Мирович слыхал, как в России вступают на трон. Рота гренадер могла сменять и ставить монархов. Не пришел ли теперь его час схватить Фортуну за чуб? Чем дольше он думал, тем сильнее убеждался в том, что только освобождением Ивана может поправить он свои дела и вернуть семье былое богатство.
В ночь на пятое июля 1764 года Мирович скомандовал солдатам: «В ружье!» — и повел их на каземат Ивана Антоновича. Часовые открыли огонь. Офицеры Власьев и Чекин, услышав стрельбу, исполнили инструкцию Екатерины и закололи арестанта. С его смертью кончалась надоевшая секретная служба, и потому они поторопились убийством.
Увидев, что Иван мертв, Мирович покорно дал себя арестовать. Ставка была бита, оставалось расплатиться по крупному счету жизнью.
На следствии выяснилось, что Мирович помощников не имел. Освободив пленника, он привез бы его в Петербург. Что будет дальше — рисовалось ему в общих чертах: мол, сбегутся солдаты, присягнут законному государю Иоанну VI, петербургские обыватели их поддержат и новый царь займет свое место во дворце, свободном от хозяйки, потому что Екатерина в это время находилась в Риге.
Императрицу сразу известили о бунте Мировича, и она возвратилась в Петербург, чтобы поторопить следствие и предупредить неприятные разговоры в публике и за границей.
Ей сразу стало спокойнее.

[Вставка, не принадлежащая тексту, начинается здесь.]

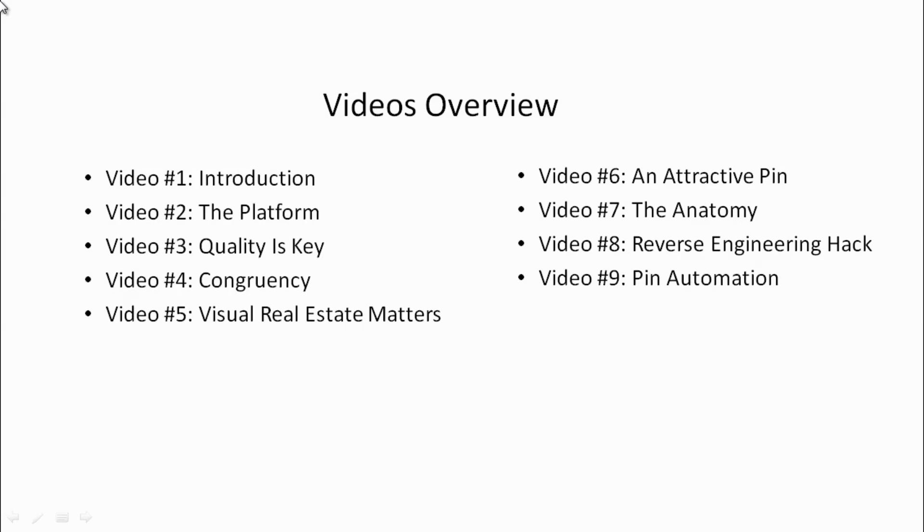Video number three, we'll talk about quality and what that looks like in terms of an image. And in video number four, we'll talk about congruency and how that relates to your funnel.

Вероятный претендент был уничтожен. И, подписывая смертный, приговор Мировичу, Екатерина слегка пожалела беднягу.
3
На зимнего Николу в Петербург к Сумарокову пришел обоз, отправленный Петром Панкратьевичем, — пять крестьянских саней, нагруженных крупой, солониной, грибами и прочей снедью. Дворовые окружили возчиков, расспрашивая их о московских новостях, Иоганна распоряжалась приемкой добра, Сумароков же, щурясь из окна, пытался распознать Веру среди заиндевевших фигур в тулупах и катанках.
Лишь вечером, едучи с Прохором во дворец, Сумароков узнал от кучера, что из Москвы прибыла дочь и что барыня определила ее пожить вместе с отцом в каморке при конюшне. Надолго ли приехала, сказано не было. Петр Панкратьевич в письме с реестром припасов о Вере не упоминал.
На спектакле французской труппы Сумароков рассеянно смотрел мольеровскую «Школу мужей», в антракте, здороваясь со знакомыми, нарочито повернулся спиной, когда увидел графа Сиверса, и, едва опустили занавес, поскакал домой. Нужно было получше устроить Веру, и он обдумывал, что можно сказать Иоганне.